Virtuoso wikidata import performance - virtuoso wikidata endpoints as part of snapquery wikidata mirror network

openlink / virtuoso-opensource

Virtuoso is a high-performance and scalable Multi-Model RDBMS, Data Integration Middleware, Linked Data Deployment, and HTTP Application Server Platform

https://vos.openlinksw.com

Other

864 stars 210 forks source link

Virtuoso wikidata import performance - virtuoso wikidata endpoints as part of snapquery wikidata mirror network #1326

Open WolfgangFahl opened 20 hours ago

WolfgangFahl commented 20 hours ago

@TallTed

Tim Holzheim has successfully imported Wikidata into a virtuoso instance see https://cr.bitplan.com/index.php/Wikidata_import_2024-10-28_Virtuoso and https://wiki.bitplan.com/index.php/Wikidata_import_2024-10-28_Virtuoso

for the documentation. The endpoint is available at https://virtuoso.wikidata.dbis.rwth-aachen.de/sparql/ and we would love to integrate this an other virtuoso endpoints into our snapquery https://github.com/WolfgangFahl/snapquery infrastructure.

Ted suggested that i should open a ticket to get the dicussion going about how virtuoso endpoints could be made part of the snapquery wikidata mirror infrastructure. The idea is to use named parameterized queries that hide the details of the endpoints so that it does not matter wether you use blazegraph, qlever, jena, virtuoso, stardog, ... you name it. Queries should just work as specified and be monitored for non functional aspects proactively.

TallTed commented 11 hours ago

Note that we (OpenLink Software [1], [2]) have also loaded Wikidata into a live Virtuoso instance, available at https://wikidata.demo.openlinksw.com/sparql.

I'm not sure whether I'm the "Ted" referenced in the last paragraph; if so, regrettably, I've forgotten the specifics of that conversation.
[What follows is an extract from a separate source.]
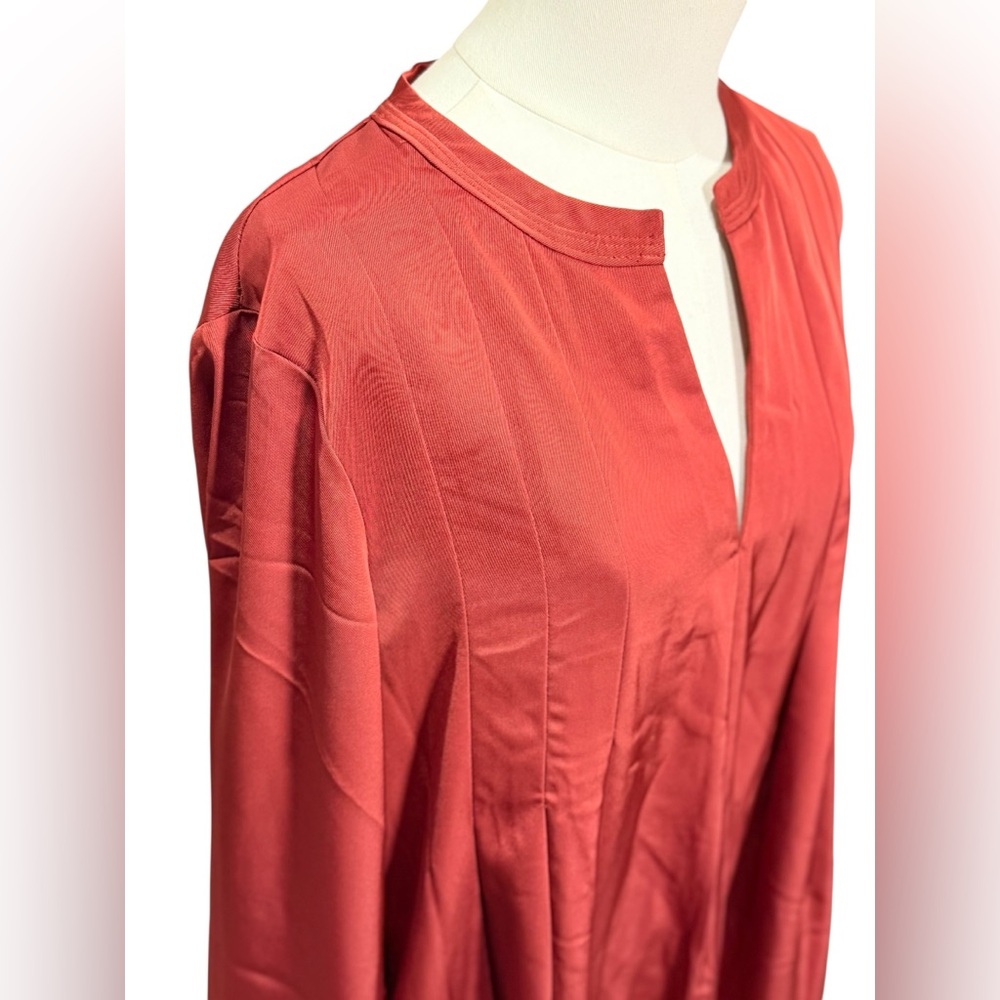 NWT - Banana Republic Split-Neck Swing Mini Dress in Embers Red Size Medium - Picture 6 of 9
Could you provide more detail about the "question" being asked by this issue, especially to benefit others who may have more to contribute to the "answer" than I?
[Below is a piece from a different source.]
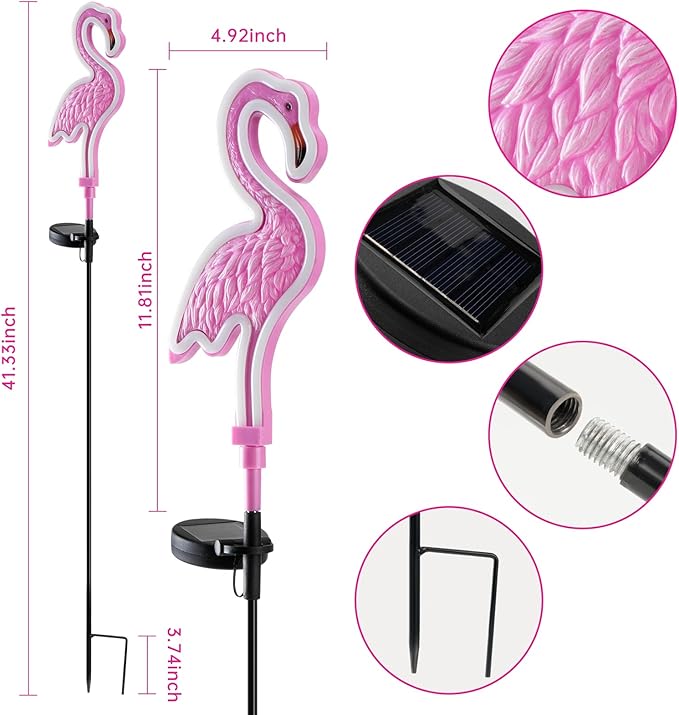 Flamingo Solar Lights Outdoor Decor, Solar Pink Flamingos Outdoor for Yard Decorations,Pink Neon Solar Flamingo Garden Lights for Outside,Pathways,Patio or Lawn Decor(2Pack)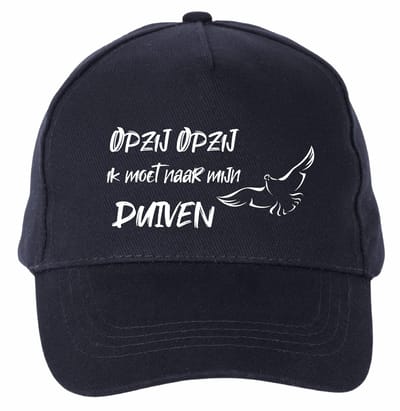 Mijncadeautje - 5 panel - Cap - Verstelbaar - Pet van 100% dik geborsteld katoen- unisex - opdruk wit - opzij opzij naar mijn duiven - navy blauw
WolfgangFahl commented 11 hours ago

https://etherpad.wikimedia.org/p/Search_Platform_Office_Hours has the info as well as https://www.wikidata.org/wiki/Wikidata:Scholia/Events/Hackathon_October_2024

We are well aware of the virtuoso endpoint it is already configured in the default https://github.com/WolfgangFahl/snapquery/blob/main/snapquery/samples/endpoints.yaml file.

The question here is how do we get a virtuoso endpoint that is as up-to-date as possible quickly. We intent to "rotate" images based on dumps as long as the streaming updates are not possible. So currently that would be roughly weekly. E.g. https://github.com/ad-freiburg/qlever-control/discussions/82

is an example. This is just the initial issued to start the communication. Depending on how Virtuoso is going to be involved we might need multiple tickets for the different aspects. I suggest to stick with the import performanc issue in this ticket for the time being and wait for Tim's comment.